Zambia, Venezuela, Bolivia, the Democratic Republic of the Congo, Chile and Ghana all had negative results from nationalisation, while the public-private mining partnership in Botswana reveals that even this seemingly sound arrangement has led to excessive government spending.
Economist, Vivian Atud, has found that black South Africans have made significant progress since 1994. Freed from the strictures of apartheid, blacks have made progress in most aspects of the economy. They now dominate the public service, comprising 70 percent of the public workforce compared to 42 percent in 1994. Though institutions such as pension and retirement funds, unit trusts, and investment companies are owned by a diversity of races, her analysis shows that black ownership has advanced significantly, as it has in residential housing. Blacks own, directly and indirectly, a substantial share of mining companies, which they would lose if all the mines were to be nationalised.
An increase in the extent to which government takes control of economic resources, whether through taxation or nationalisation, reduces consumer sovereignty. Researchers are constantly discovering new correlations between economic freedom and human welfare. The Economic Freedom of the World: 2010 Annual Report, for instance, describes research which reveals that unemployment can be reduced by increasing economic freedom, and that increased economic freedom results in fewer homicides while reduced economic freedom leads to more. In other words, there is a correlation between economic freedom and overall socio-economic progress in terms of all aspects of human development.

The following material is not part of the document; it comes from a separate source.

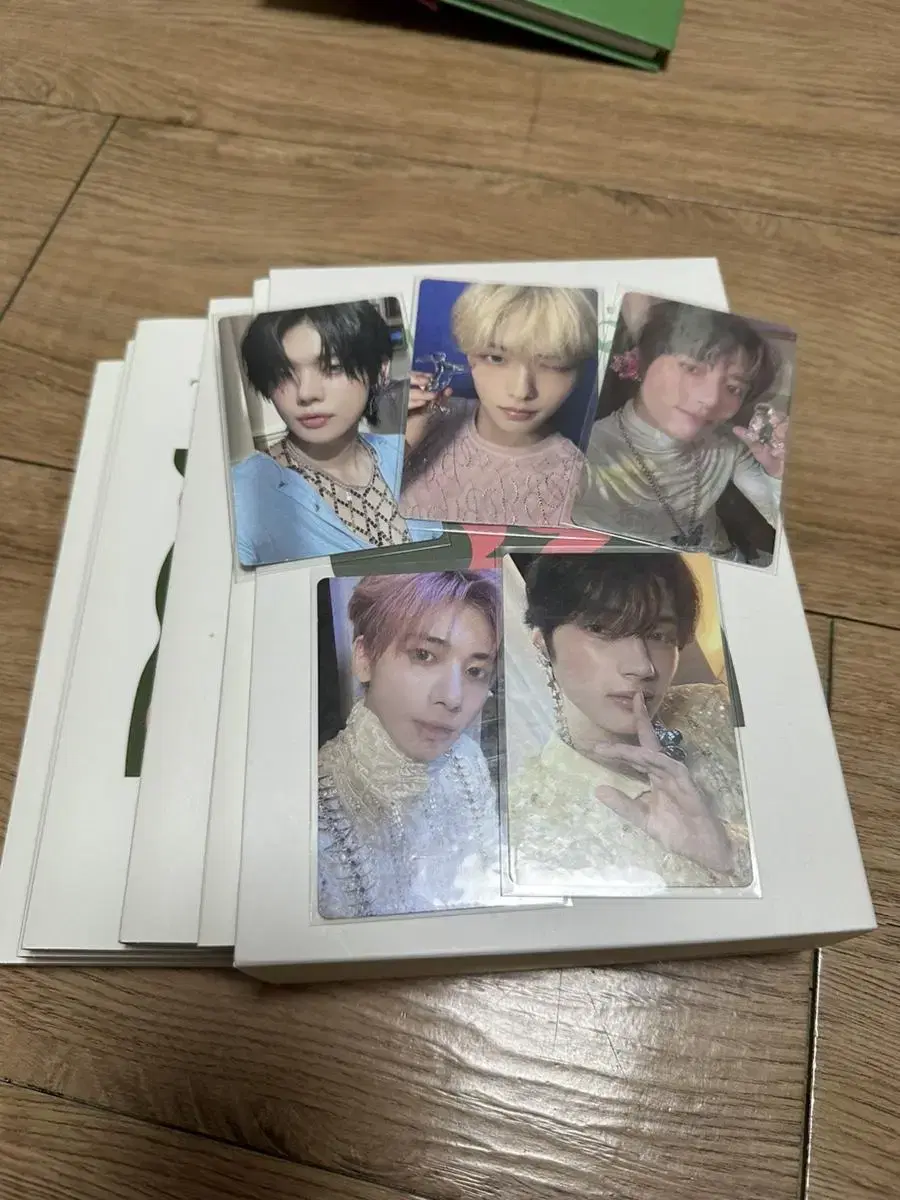 txt album rulerby-set photocardbulk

Nationalisation does not only analyse and evaluate the issue of nationalisation but also propounds very credible and pragmatic alternatives which, if implemented, would allow the spirit of enterprise to explode and create a rising tide of economic opportunities. The display of courage required to implement some or all of the proposed policies will reveal the difference between the statesman of vision and the short-sighted politician.
– Temba A Nolutshungu is director of the Free Market Foundation (FMF). This article first appeared on the FMF website. It is republished here with the permission of FMF.